Image-Based Gender Prediction Model Using Multilayer Feed-Forward Neural Networks

In this study, we develop a reliable and highperformance multi-layer feed-forward artificial neural networks (MFANNs) model for predicting gender classification. The study used features for a set of 450 images randomly chosen from the FERET dataset. We extract the only high-merit candidate parameters form the FERET dataset. A discrete cosine transformation (DCT) is employed to facilitate an image description and conversion. To reach the final gender estimation model, authors examined three artificial neural classifiers and each extremely performs deep computation processes. In addition to the MFANNs, artificial neural networks (ANNs) classifiers include support vector regression with radial-basis function (SVR-RBF) and k-Nearest Neighbor (k-NN).
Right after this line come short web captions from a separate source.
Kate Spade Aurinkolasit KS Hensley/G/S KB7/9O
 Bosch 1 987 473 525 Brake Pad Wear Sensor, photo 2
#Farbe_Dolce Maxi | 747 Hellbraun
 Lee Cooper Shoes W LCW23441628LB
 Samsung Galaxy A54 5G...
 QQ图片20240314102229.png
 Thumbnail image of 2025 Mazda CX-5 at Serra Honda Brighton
A 10-folds cross-validation technique (CV) is used to prove the integrity of the dataset inputs and enhance the calculation process of the model. In this model, the performance criteria for accuracy rate and mean squared error (MSE) are carried out. Results of the MFANNs models are compared with the ones that obtained by SVR-RBF and k-NN. It is shown that the MFANNs model performs better (i.e. lowest MSE = 0.0789, and highest accuracy rate = 96.9%) than SVR-based and k-NN models. Linked the study findings with the results obtained in the literature review, we conclude that our method achieves a recommended calculation for gender prediction.